I began my search to see what I might find on Digital Citizenship and Crowdsourcing, a topic that is being particularly interesting to me and I begin this class. A video with that exact title came up in a google search.
I realized that it was created to fulfill a class project so I begin looking around for other online presentations that students from the same class might have posted. I’m sure none of them expected for someone to try to put together a picture of what they were all studying into any like of collection. As a student, except for your teacher, or maybe your program, I don’t think that thought would even cross your mind.
I think I was successful in hunting down other projects for the same class/assignment. They were all posted within about two weeks of each other. (click image to go to the individual presentations)
Grouped and separated out by same student
And I think this is probably the class that these students were taking. Although, it seems that seeing how the university is calling itself an :Open University” you’d be able to find more course content other then this syllabus.
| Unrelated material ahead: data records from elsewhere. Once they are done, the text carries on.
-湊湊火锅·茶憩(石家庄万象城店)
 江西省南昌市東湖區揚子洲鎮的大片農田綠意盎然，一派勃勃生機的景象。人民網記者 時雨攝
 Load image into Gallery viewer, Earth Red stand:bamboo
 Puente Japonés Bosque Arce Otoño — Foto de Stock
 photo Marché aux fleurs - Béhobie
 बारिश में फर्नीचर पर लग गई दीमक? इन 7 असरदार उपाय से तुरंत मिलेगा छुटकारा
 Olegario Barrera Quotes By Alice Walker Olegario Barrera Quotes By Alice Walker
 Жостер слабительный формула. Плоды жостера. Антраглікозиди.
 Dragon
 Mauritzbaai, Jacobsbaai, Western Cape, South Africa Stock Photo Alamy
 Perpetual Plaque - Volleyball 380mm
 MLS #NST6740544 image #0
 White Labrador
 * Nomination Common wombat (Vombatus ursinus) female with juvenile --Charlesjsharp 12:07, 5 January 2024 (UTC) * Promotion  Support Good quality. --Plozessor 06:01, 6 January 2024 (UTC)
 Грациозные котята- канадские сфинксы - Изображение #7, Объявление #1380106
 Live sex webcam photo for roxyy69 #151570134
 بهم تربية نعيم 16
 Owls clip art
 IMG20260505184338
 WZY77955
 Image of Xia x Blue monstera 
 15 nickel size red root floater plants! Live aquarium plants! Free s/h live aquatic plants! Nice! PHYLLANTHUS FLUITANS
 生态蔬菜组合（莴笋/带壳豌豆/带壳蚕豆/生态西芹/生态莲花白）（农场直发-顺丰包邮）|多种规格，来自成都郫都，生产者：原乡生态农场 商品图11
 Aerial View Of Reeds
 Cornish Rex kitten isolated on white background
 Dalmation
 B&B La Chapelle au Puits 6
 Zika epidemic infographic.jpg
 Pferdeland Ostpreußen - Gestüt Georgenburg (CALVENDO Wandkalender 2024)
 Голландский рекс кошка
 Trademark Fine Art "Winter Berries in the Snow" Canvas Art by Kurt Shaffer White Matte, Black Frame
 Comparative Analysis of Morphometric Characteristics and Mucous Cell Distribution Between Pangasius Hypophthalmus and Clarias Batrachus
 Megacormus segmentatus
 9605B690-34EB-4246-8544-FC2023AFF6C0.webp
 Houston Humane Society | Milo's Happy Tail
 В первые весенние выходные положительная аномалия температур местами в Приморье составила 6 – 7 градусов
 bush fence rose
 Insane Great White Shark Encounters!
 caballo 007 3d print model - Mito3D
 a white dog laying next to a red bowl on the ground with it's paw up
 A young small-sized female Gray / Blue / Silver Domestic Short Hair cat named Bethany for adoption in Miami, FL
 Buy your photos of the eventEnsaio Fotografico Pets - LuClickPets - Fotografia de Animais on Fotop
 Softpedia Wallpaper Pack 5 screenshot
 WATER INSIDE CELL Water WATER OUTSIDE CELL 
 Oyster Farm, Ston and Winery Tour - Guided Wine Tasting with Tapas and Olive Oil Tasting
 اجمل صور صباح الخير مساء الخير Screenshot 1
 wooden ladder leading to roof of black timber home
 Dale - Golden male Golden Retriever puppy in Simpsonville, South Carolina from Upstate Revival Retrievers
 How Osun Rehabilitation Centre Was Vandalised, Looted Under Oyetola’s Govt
So what does this all mean. After reviewing all of the presentations I saw these common themes:
Qualifications of a digital citizen
- requires extensive skill, knowledge and access to the internet through a variety of devices
- Kids know how to use devices (user friendly) even before they step in school
- Definition: appropriate and responsible behavior with regards to technology
- Crowdsourcing can apply to a variety of topics, but basically you have some work you need completed or you have a question you need answered and you get help for a crowd to contribute to a solution.
Things to remember as a digital citizen
- Security and privacy
- Share smartly
- Search and share ethically
- Follow your footprint
- Some information can be used to harm you
- Protect yourself, protect others.
One student included the nine themes of Digital Citizenship as outlined by Mike Ribble which seems to be pretty prevalent as a model to follow when teaching about digital citizenship in K-12. What I found interesting on this site is that there was training for adults and for kids, as well as a “pledge” for digital citizenship for adults and kids, especially this line in the kids pledge, “I will help my parents understand how to have fun and learn things online and teach them things about the Internet, computers and other technology. “
As a Make and Share, I found Powtoons to be pretty fun and easy to use. As a new customer, I got free access to all the premium tools. I was able to add additional actions to the layout I chose that they created. This was helpful. There are a lot of options for pre-made slides and layouts that you can edit with your own content. Anything that is already on the slide you can swap or edit so with a little hunting around you might find a slide that has enough elements on it that you can do what you want without the premium access. Next time: experiment with a voice-over instead of using the lovely soundtrack :).
I also highly suggest creating a movie and then when you’re just about done, importing a super large image (by mistake). This will take things down and when you try to reopen your untitled, unsaved movie, you realize you have to start over. Repetition, teachers, you learn by doing something over again. You find efficiencies you didn’t know about when you first started and it is a good lesson that all software platforms aren’t like Google with a built-in auto-save.